第 809 章 失敬

    第 809 章 失敬 (第1/3页)

    从商丘往南走了五六天,就进了淮南东路地界。

    十月的淮北霜气已经很重了,清早官道两边的白茅草上结着一层薄霜,太阳爬过树梢才慢慢化掉,沾得车轮和马蹄都湿漉漉的。

    路边的杨树、槐树早落光了叶子,枝桠光秃秃地伸向天,只有坡地上的乌桕树还红得热闹。

    安晏的《雷公药对》,已经记得差不多了,这些时日更多的是看药草。

    孩子记性好,一路走下来,淮北一带常见的药草已经认了七八成。

    第三天傍晚到了宿州,住的驿馆在城西北角,是个独院,堂屋烧着旺旺的银霜炭,一点烟都没有。

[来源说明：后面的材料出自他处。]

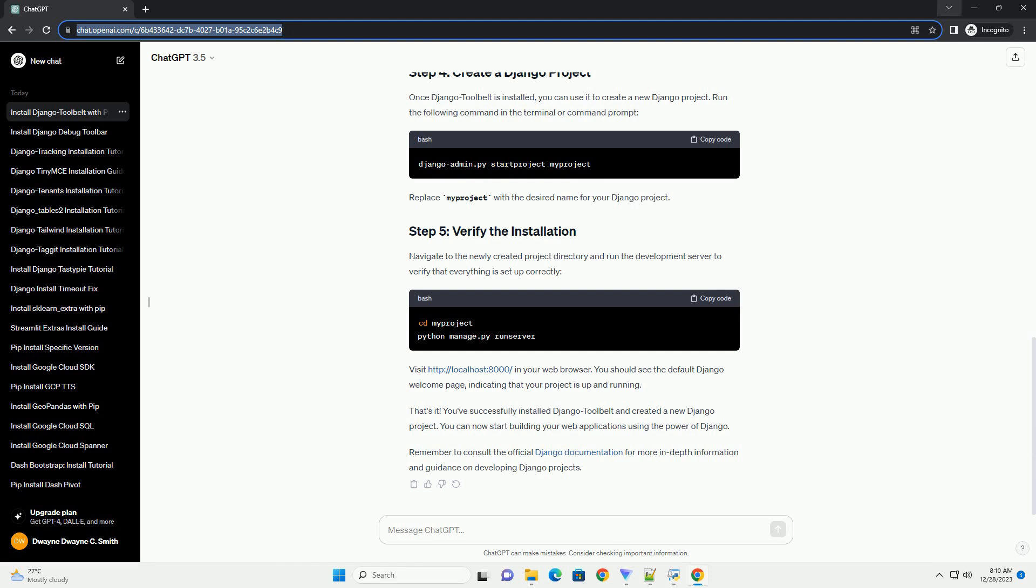That's it. You've successfully installed Django Toolbelt and created a new Django project. You can now start building your web applications using the power of Django. Remember to consult the official Django documentation for more in-depth information and guidance on developing Django projects.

    驿卒见他们出手阔绰,伺候得格外上心,晚饭备得很丰盛。

    沱湖糟鱼是用酒糟慢火煨了的,连鱼刺都炖得酥烂。

    烤羊肋抹了酱料烤得滋滋冒油,外焦里嫩,配着细馓子、刚蒸的羊肉包子,还有一锅炖得奶白的羊杂汤。

    路鸣拿起包子咬了一大口,鲜汁顺着嘴角往下流,含混不清地说:“都说淮北羊肉好,果真比咱们山坳里的嫩多了!”姜怀玉笑着递过帕子,说他吃相太急,当心烫着。

    安晏捧着小碗喝羊杂汤,喝两口就抬头问晏疏一个问题。

    晏疏耐心讲着,毫无不耐。

    又走了两天,到了泗州的淮河渡口。十月的淮河刚过完秋汛,水面宽得望不到边,水色浑黄,来来往往的漕船、盐船、客船挤得满满当当,船工的号子隔着半里地都能听见。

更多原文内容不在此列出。